Having a can of beer is not just having a drink, it is an adventure. You put them in the fridge to get them to the right temperature. You then open the can, not knowing in what velocity the beer will vacate the can. Then the most important thing the pour.
Determine the right angle to approach the glass and the correct speed of pouring the beer to get the correct level of foam to top of the class, It’s not just a drink but a piece of art.
But how did it all start?
Canned beer makes its debut on January 24 1935. In partnership with the American Can Company, the Gottfried Krueger Brewing Company delivered 2,000 cans of Krueger’s Finest Beer and Krueger’s Cream Ale to faithful Krueger drinkers in Richmond, Virginia. Ninety-one percent of the drinkers approved of the canned beer, driving Krueger to give the green light to further production.
The American Can Co. began experimenting with canned beer in 1909. But the cans couldn’t withstand the pressure from carbonation – up to 80 pounds per square inch – and exploded.
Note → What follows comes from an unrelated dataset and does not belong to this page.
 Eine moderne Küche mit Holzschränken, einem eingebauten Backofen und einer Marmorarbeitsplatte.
Just before the end of the Prohibition in 1933, the company developed a “keg-lining” technique, coating the inside of the can the same as a keg.
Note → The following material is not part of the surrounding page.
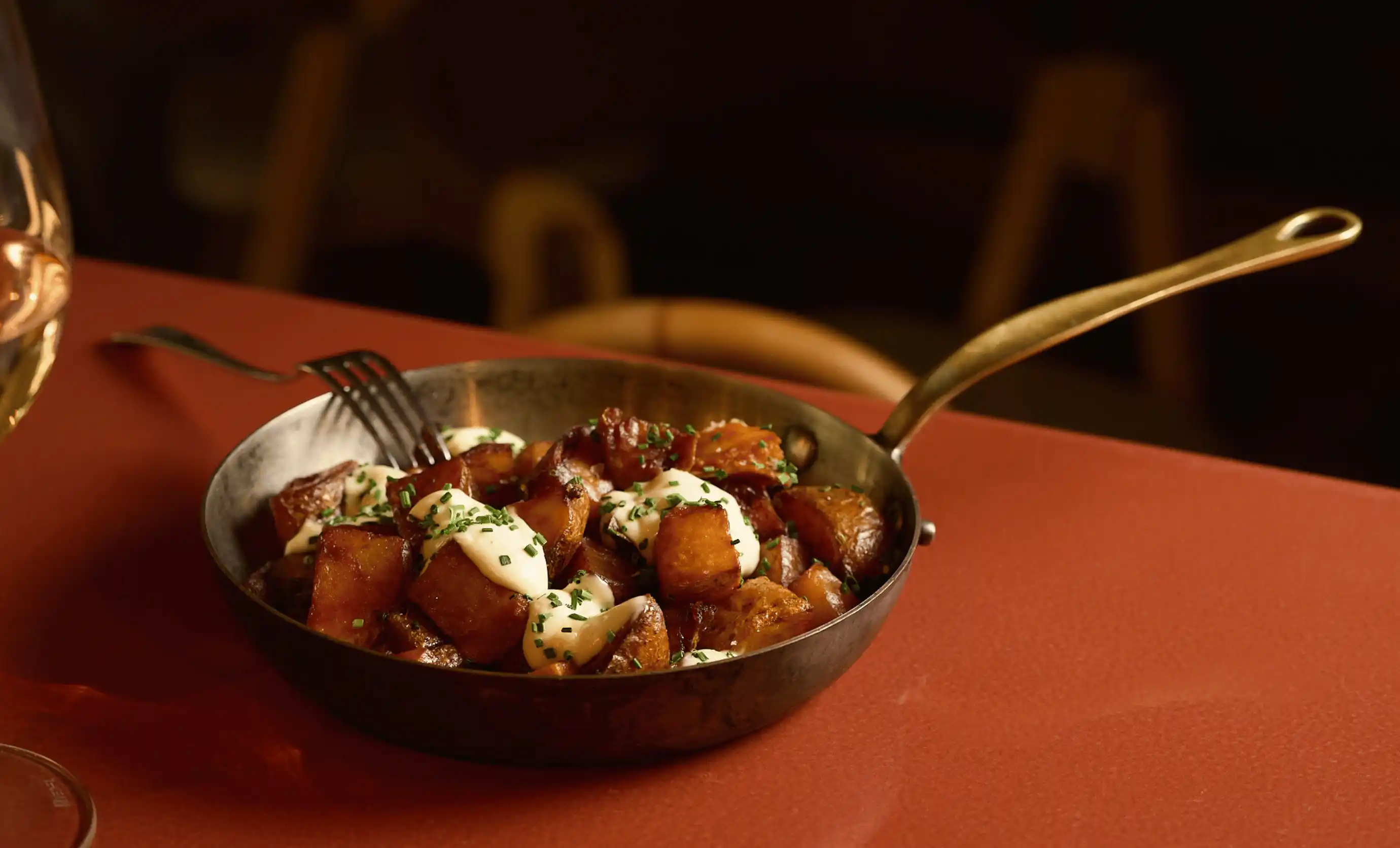 Small skillet with roasted potatoes topped with sour cream and chopped chives on a reddish table.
Krueger had been brewing beer since the mid-1800s, but had suffered from the Prohibition and worker strikes. When American Can approached with the idea of canned beer, it was initially unpopular with Krueger execs. But American Can offered to install the equipment for free: If the beer flopped, Krueger wouldn’t have to pay.
So, in 1935 Krueger’s Cream Ale and Krueger’s Finest Beer were the first beers sold to the public in cans. Canned beer was an immediate success. The public loved it, giving it a 91 percent approval rating.
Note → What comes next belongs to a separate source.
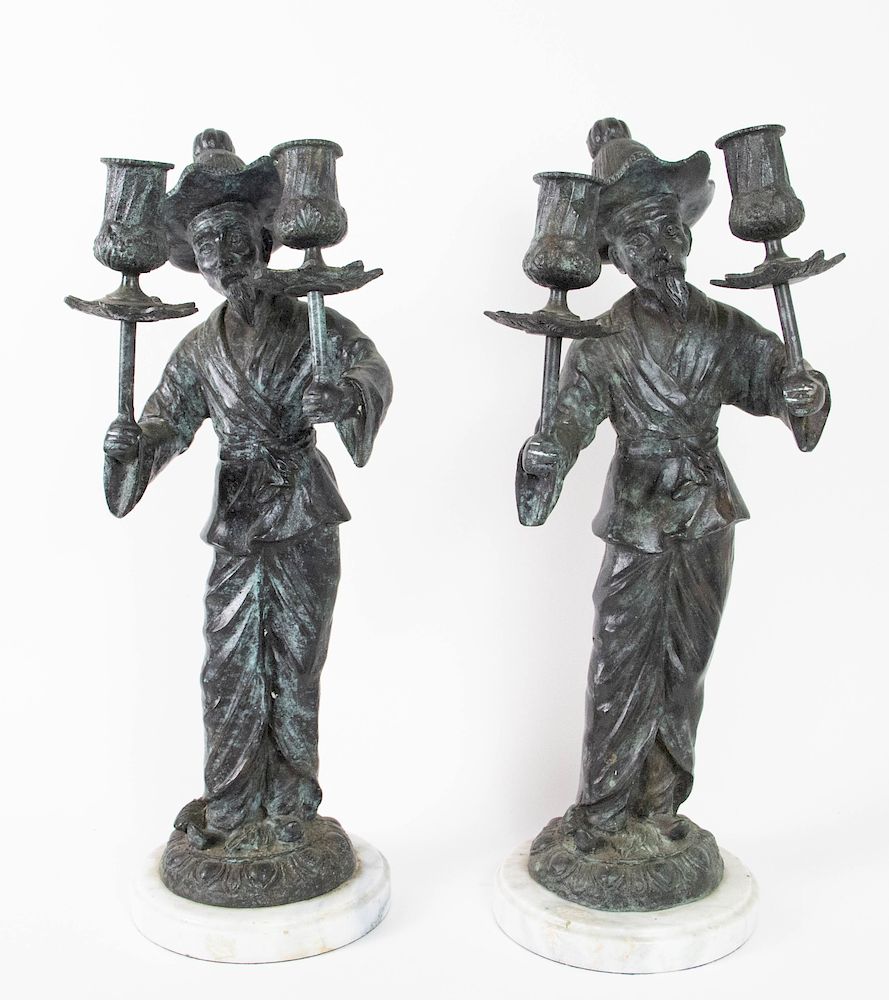 Appraisal: Pair of Bronze Chinoiserie Mandarin-Form Candle Sticks th Century Mounted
The response was overwhelming. Within three months, over 80 percent of distributors were handling Krueger’s canned beer, and Krueger’s was eating into the market share of the “big three” national brewers–Anheuser-Busch, Pabst and Schlitz. Competitors soon followed suit, and by the end of 1935, over 200 million cans had been produced and sold.
The purchase of cans, unlike bottles, did not require the consumer to pay a deposit. Cans were also easier to stack, more durable and took less time to chill. As a result, their popularity continued to grow throughout the 1930s, and then exploded during World War II, when U.S. brewers shipped millions of cans of beer to soldiers overseas.
After the war, national brewing companies began to take advantage of the mass distribution that cans made possible, and were able to consolidate their power over the once-dominant local breweries, which could not control costs and operations as efficiently as their national counterparts.